WHAT YOU WILL DO: Pictures must be left out. Retype exactly the lines from the one containing "Ross's Gull 9724.tif" through the last line of the records below.
[ENTRIES SHOWN]
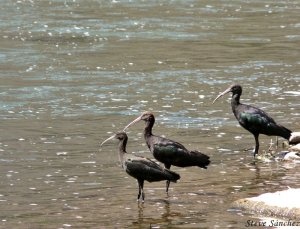 Puna Ibis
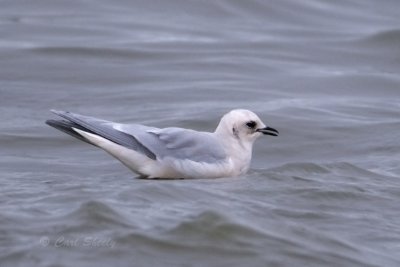 Ross's Gull 9724.tif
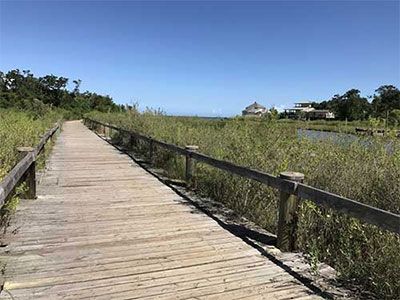 Seabrook birdwalk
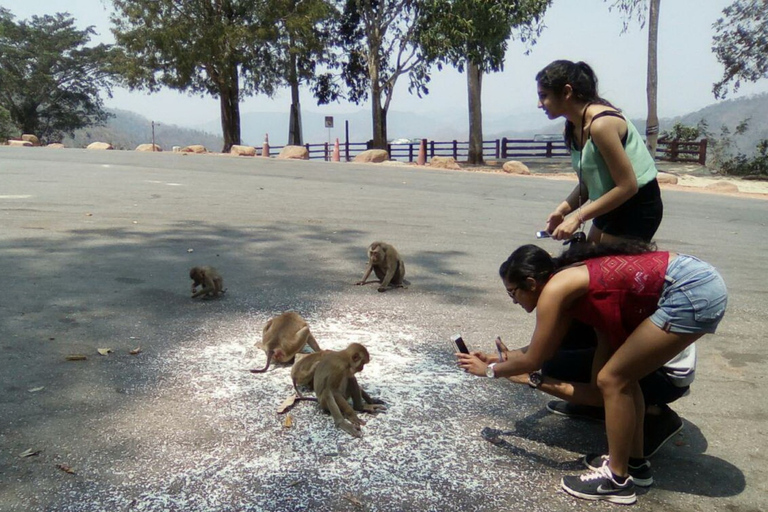 De Bangkok: excursion d'une journée au parc national d'Ayutthaya et Khao YaiParc national d'Ayutthaya et Khao Yai: visite privée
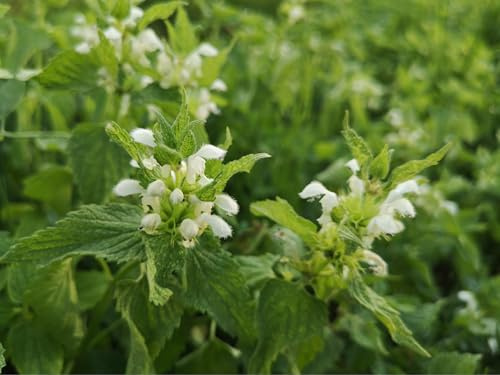 Brennnessel Samen aus Deutschland, mehjährige & winterharte Brennessel (lat. Urtica dioica), samenfeste Brennnesselsamen für Garten, Topf oder Balkon (20.000 Samen)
[/ENTRIES SHOWN]
WRITTEN ANSWER:
 Ross's Gull 9724.tif
 Seabrook birdwalk
 De Bangkok: excursion d'une journée au parc national d'Ayutthaya et Khao YaiParc national d'Ayutthaya et Khao Yai: visite privée
 Brennnessel Samen aus Deutschland, mehjährige & winterharte Brennessel (lat. Urtica dioica), samenfeste Brennnesselsamen für Garten, Topf oder Balkon (20.000 Samen)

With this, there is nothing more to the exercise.